Cotswold Way to twin with South Korea
The Cotswold Way National Trail has teamed up with South Korea’s Jeju Olle Trail to become one of the world’s first ‘friendship trails’.
This new initiative is a result of last year’s World Trails conference on Jeju Island, attended by the Cotswold Way and hosted by the Jeju Olle Trail, a new and breathtakingly beautiful long distance walking route around the coast of the island.
One of the many ideas discussed at the conference and earlier in the year when the Cotswold Way played host to representatives of the Jeju Olle Foundation, was the concept of ‘friendship trails’. These are essentially similar to twin towns, whereby trails in different countries team up in the name of partnership, mutual publicity and international alliance.
The launch of the new Cotswolds Korea Friendship Trail will take place on the 19th April as a mark of friendship and cooperation between the two countries.
A short circular walk following the Cotswold Way around Stinchcombe Hill near Dursley will be signed with special markers, introducing people to one of the most scenic parts of the Cotswolds Area of Outstanding Natural Beauty, whilst raising awareness of walking in other countries. Similarly, a section of Jeju Olle will be marked with the familiar oak sign posts seen along the Cotswold Way, inviting visitors to the island to come walking in the one of England’s most stunning landscapes.
The Cotswolds Korea Friendship Trail is one of the first ‘twin trails’ in the world, and it is hoped that the idea will spread across the globe, promoting understanding and walking, whilst boosting tourism and local economy.

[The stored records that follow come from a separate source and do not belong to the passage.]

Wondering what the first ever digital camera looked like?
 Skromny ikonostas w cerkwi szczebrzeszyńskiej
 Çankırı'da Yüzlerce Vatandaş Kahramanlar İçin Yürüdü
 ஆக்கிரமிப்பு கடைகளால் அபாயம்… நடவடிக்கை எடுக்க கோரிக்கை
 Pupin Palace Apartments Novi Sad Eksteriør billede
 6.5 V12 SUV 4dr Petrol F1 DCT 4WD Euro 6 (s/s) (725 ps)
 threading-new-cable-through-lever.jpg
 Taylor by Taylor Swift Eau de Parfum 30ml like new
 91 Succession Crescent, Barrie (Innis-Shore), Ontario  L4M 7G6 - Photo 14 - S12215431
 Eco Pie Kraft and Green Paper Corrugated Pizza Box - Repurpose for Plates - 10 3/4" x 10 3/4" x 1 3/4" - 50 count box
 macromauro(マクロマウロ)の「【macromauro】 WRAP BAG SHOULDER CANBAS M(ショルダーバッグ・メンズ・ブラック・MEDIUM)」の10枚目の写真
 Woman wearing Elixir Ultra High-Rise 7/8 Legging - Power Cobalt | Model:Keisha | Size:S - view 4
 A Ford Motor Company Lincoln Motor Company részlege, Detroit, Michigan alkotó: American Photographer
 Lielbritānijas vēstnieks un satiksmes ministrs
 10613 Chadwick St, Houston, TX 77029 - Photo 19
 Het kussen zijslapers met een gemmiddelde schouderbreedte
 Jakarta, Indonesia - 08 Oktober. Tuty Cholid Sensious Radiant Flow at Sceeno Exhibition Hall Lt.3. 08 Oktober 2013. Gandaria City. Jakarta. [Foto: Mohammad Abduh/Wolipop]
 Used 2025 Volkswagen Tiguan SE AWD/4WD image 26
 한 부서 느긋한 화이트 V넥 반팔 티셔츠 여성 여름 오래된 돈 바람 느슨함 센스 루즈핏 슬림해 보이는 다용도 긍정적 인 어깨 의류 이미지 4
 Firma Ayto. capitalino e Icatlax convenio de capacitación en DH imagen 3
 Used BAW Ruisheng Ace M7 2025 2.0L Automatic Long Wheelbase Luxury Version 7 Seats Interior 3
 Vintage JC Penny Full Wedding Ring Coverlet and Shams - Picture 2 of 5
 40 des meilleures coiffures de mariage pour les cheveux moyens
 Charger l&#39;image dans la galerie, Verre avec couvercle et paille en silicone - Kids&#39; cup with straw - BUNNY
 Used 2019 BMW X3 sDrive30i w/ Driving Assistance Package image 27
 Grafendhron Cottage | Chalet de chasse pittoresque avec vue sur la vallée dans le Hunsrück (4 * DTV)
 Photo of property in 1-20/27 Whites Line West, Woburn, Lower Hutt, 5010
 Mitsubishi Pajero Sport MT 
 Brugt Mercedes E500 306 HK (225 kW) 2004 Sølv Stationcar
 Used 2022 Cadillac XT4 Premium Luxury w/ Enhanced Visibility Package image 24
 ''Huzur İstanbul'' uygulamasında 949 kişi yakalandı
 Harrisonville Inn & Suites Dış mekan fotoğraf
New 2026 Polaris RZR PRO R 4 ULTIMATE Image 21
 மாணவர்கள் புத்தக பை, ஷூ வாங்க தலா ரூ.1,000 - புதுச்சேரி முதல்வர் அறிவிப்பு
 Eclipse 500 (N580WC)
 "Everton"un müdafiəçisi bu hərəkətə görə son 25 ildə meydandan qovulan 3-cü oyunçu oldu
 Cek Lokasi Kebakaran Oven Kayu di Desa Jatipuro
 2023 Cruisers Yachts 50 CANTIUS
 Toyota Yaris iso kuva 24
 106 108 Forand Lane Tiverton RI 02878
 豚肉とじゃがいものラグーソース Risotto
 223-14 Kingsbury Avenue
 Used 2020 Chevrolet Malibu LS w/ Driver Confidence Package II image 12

James Blockley, National Trail Officer for the Cotswold Way says, “This is a real opportunity to promote international friendship and cooperation. We are proud to be joining up with Jeju Olle, and hope this special relationship will benefit people, landscapes and conservation in both our countries.”
An opening ceremony for the trail will be held at midday on the 19th April near the golf club on Stinchcombe Hill (postcode GL11 6AQ). Representatives from the Jeju Olle Foundation, the Cotswold Way and the Cotswolds Conservation Board will be available for photographs and interview.
Notes to editors:
The Cotswold Way:
• The Cotswold Way National Trail is 102 miles (164 km) long, and runs for most of its length along the Cotswold escarpment.
• The Cotswold Way was formally launched as a National Trail in May 2007, although it had existed as a promoted long distance walk for over 30 years. This designation is a very special one and there are only 14 other Trails in England and Wales with this special grading.
• The Trail's highest point is Cleeve Common at 317m (1,040ft).
• The Trail team is hosted by the Cotswolds Conservation Board, based at Northleach.
• Funding for the management and promotion of the Trail is provided by Natural England.
• The Cotswold Way links all that is special about the Cotswolds Area of Outstanding Natural Beauty; internationally renowned bluebell woods, rare and important limestone grassland, intriguing history both ancient and modern, globally significant geology, sleepy villages and thriving market towns.
• Highlights along the Trail include: World Heritage City of Bath; views over River Severn to Brecon Beacons in Wales, Malvern Hills and Forest of Dean; National Trust properties of Dyrham House and Horton Court; Broadway Tower and Somerset Monument tower follies; old mill towns of Painswick, Stroud & Dursley; Devils Chimney at Leckhampton Hill; Belas Knap Long Barrow; Sudeley Castle; and Hailes Abbey.
• The Cotswolds Area of Outstanding Natural Beauty (AONB) is looked after by the Cotswolds Conservation Board – an independent organisation with 37 members, 15 nominated by local authorities, 8 by parish councils and 14 appointed by Government.
• The Government has designated Areas of Outstanding Natural Beauty (AONBs) and National Parks as our finest countryside and they are recognised as being of national importance.
• With its rolling hills and valleys the Cotswolds is the third largest protected landscape in England and Wales after the Lake District and Snowdonia. It covers 2,038 square kilometres (790 square miles), stretching from Warwickshire and Worcestershire in the north, through Gloucestershire and Oxfordshire, down to Bath and Wiltshire in the south.
• The Cotswolds AONB is the largest of the family of 46 AONBs in the UK. For further details: www.aonb.org.uk
• Jeju Olle is a series of walking routes on Jeju Island, 130km off the southwest coast of Korea.
• This beautiful UNESCO World Heritage Site is almost sub-tropical in climate, its scenery passing from windswept coastline, through countless tangerine groves criss-crossed by distinctive stone walls, and up to the 6,400 foot peak of Hallasan.
• Work on the trail began in 2006 when a dedicated group of volunteers began seeking out a way of promoting access to the coastline of Jeju, discovering old paths and creating new ones.
• ‘Olle’ is a Jeju dialect term meaning a path that links a dwelling to the main road, and is used to represent the trail linking countryside with the outside world. It also means ‘will you come?', inviting people to visit the island and the trail.